Simplified Diagnosis
Spelunking through WinDbg is certainly not trivial! Fortunately, there are projects out there that will help us a long way here. Using the ObjectLayoutInspector we can inspect the object size at runtime and print out a helpful overview. Add a reference to its NuGet package (<PackageReference Include="ObjectLayoutInspector" Version="0.1.4" />) and add the following to our application:
ObjectLayoutInspector.TypeLayout.PrintLayout<Ping>();Run the console application and we can see the following output:
Type layout for 'Ping'
Size: 64 bytes. Paddings: 2 bytes (%3 of empty space)
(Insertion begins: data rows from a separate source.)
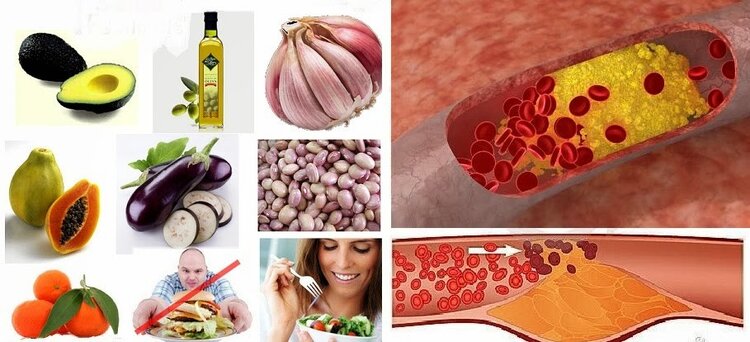 Dicas Para Reduzir o Níveis de Triglicerídeos Elevado | Dicas de Saúde Dicas Para Reduzir o Níveis de Triglicerídeos Elevado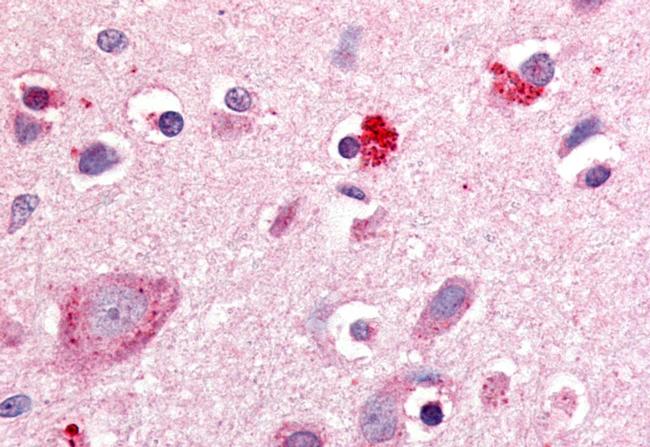 RORB Antibody in Immunohistochemistry (Paraffin) (IHC (P))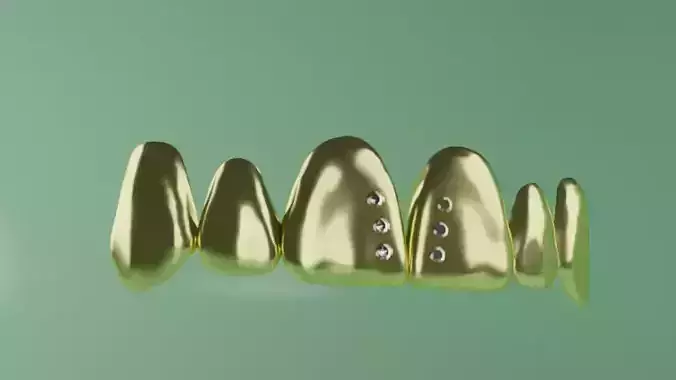  Grillz with diamonds in the front teeth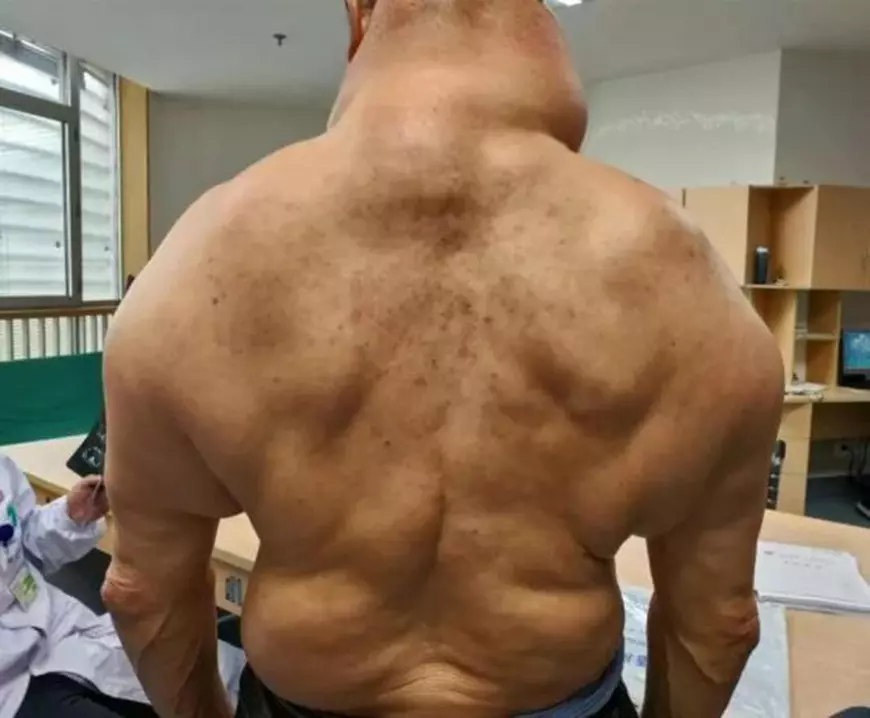 FOTO | Cum arată "Hulk", un pensionar care a consumat alcool în fiecare zi, timp de 30 de ani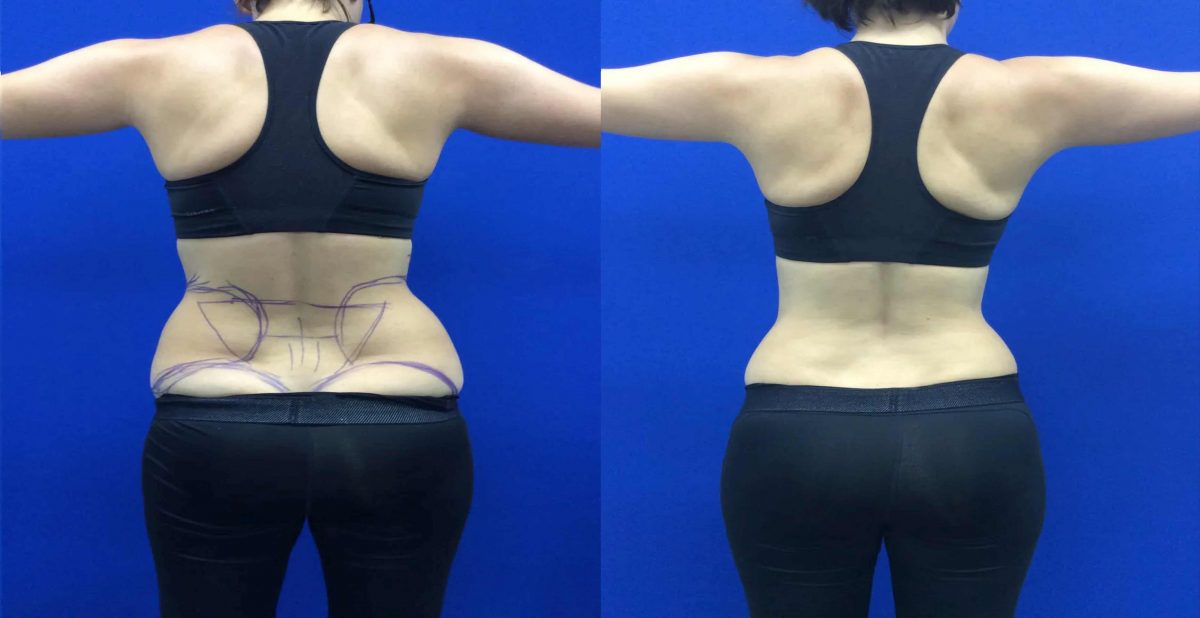 Liposuction to Liposculture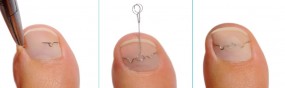 Korekcja wrastających paznokci za pomocą klamry metalowej - Gabinet Rehabilitacyjno Podologiczny w Sanoku Sanok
|=======================================================================|
| Object Header (8 bytes) |
|-----------------------------------------------------------------------|
| Method Table Ptr (8 bytes) |
|=======================================================================|
| 0-7: ISite _site (8 bytes) |
|-----------------------------------------------------------------------|
| 8-15: EventHandlerList _events (8 bytes) |
|-----------------------------------------------------------------------|
| 16-23: ManualResetEventSlim _lockObject (8 bytes) |
|-----------------------------------------------------------------------|
| 24-31: SendOrPostCallback _onPingCompletedDelegate (8 bytes) |
|-----------------------------------------------------------------------|
| 32-39: Byte[] _defaultSendBuffer (8 bytes) |
|-----------------------------------------------------------------------|
| 40-47: CancellationTokenSource _timeoutOrCancellationSource (8 bytes) |
|-----------------------------------------------------------------------|
| 48-55: PingCompletedEventHandler PingCompleted (8 bytes) |
|-----------------------------------------------------------------------|
| 56-59: Int32 _status (4 bytes) |
|-----------------------------------------------------------------------|
| 60: Boolean _disposeRequested (1 byte) |
|-----------------------------------------------------------------------|
| 61: Boolean _canceled (1 byte) |
|-----------------------------------------------------------------------|
| 62-63: padding (2 bytes) |
|=======================================================================|This confirms our WinDbg findings: padding is applied to the end of the object and we’re seeing 16 bytes of overhead.
Conclusion
In this case, padding is inevitable. Even if we were to replace the int _status with a byte _status, we’d still use a single byte on top of the previous boundary and thus incur seven bytes of padding. As a result, moving these fields into the status enum will gain no benefit from an object size perspective.
This type of optimization shows most promise when used in a type that has multiple fields smaller than the pointer size — we only see effects if we’re able to go down to a lower multiple of our byte boundary. Of course, removing a reference field entirely will always yield results!